= Sidney Yeates =

Australian pastoralist and businessman

Sidney Yeates (ca. September 1831 – 20 June 1918) was a pastoralist and businessman in South Australia and Queensland, principal of the firm of Cudmore, Yeates and Co.

==History==
Sidney Yeates was born in London, and arrived in South Australia when 6 years of age. He selected Crown land at Mount Remarkable (now Melrose township), South Australia, grazing sheep until 1863, when he sold up to move to Queensland. With his brother John and overseer Frank Gardiner, he purchased 4000 sheep at Maitland, New South Wales, and drove them across New England via Quart Pot Creek (now Stanthorpe), Drayton, Dalby and Jinghi station to Mackay, thence to Mount Dryanda, Proserpine, where he settled on a property, but had hardly commenced operations, when Aboriginals killed one of the men and half of the sheep, so Yeates decided to abandon sheep for cattle, and moved to the Lynd River, selecting on Myall Downs. Later he sold that property, and in 1868 selected land on the Don River, near Bowen, where they resided until 1880, when he entered into partnership with J. F. Cudmore, and moved to Adavale where they purchased Boondoon and Mentone leaseholds, with 4000 cattle. Subsequently, these properties were stocked with 50,000 sheep and were carried on until 1894, when Sidney Yeates retired from the partnership and lived privately first in Brisbane and later in Toowoomba.

==Other interests==
Sidney Yeates was a keen politician in the days of McIlwraith and Griffith, and fought vigorously for the transcontinental land grant railway scheme in the early 1880s.
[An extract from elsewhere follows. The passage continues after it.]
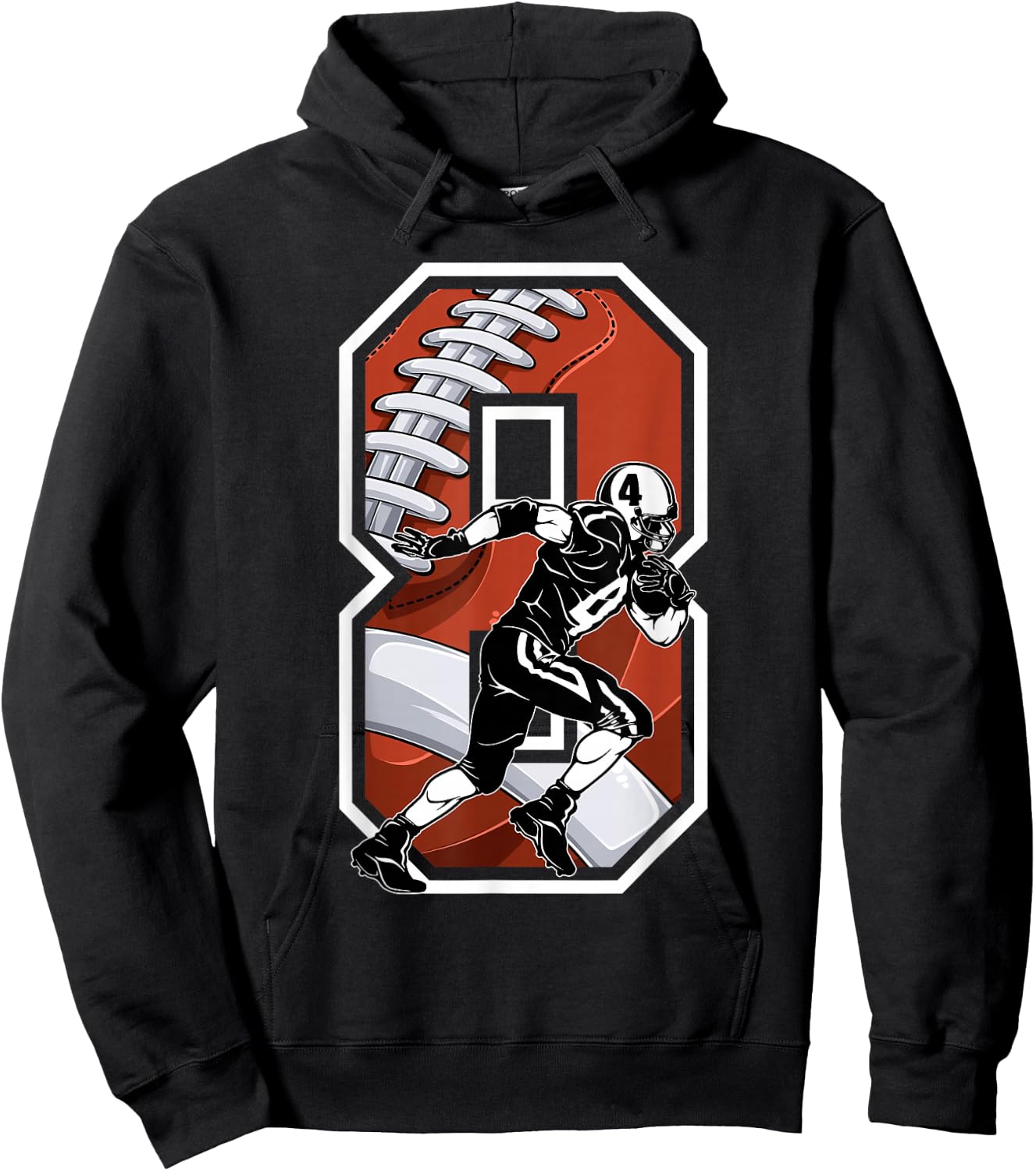 I'm 8 Years Old Football Player 8th Birthday Boys Kids Hoodie - Hoodie | Black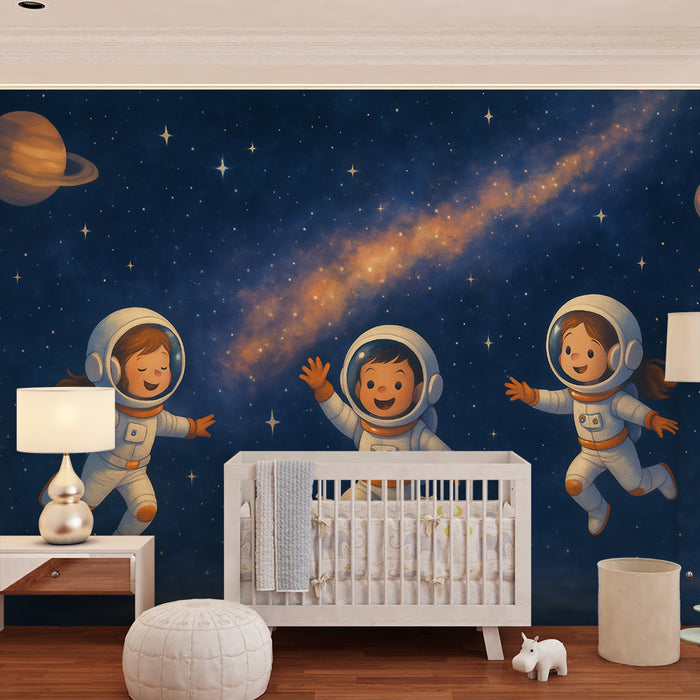 Lastenhuoneen tapetti | Leikkisät astronautit ja tähtitaivas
He was a prominent member of the Wangaratta Divisional Board.

==Family==
Sidney married Dymphna Maria Cudmore (1837 – 4 March 1899), daughter of Daniel Cudmore), on 27 March 1857.
He was survived by nine sons. Albert (1860–1941) and the other older sons were pastoralists, while the two youngest, Kenneth and Herbert (1879–1945) were the principals of the firm of Yeates Bros, and Co., stock and station agents, Toowoomba, while Milo was in charge of the Dalby branch. Herbert was a member of Queensland's Legislative Assembly from 1938 to 1945.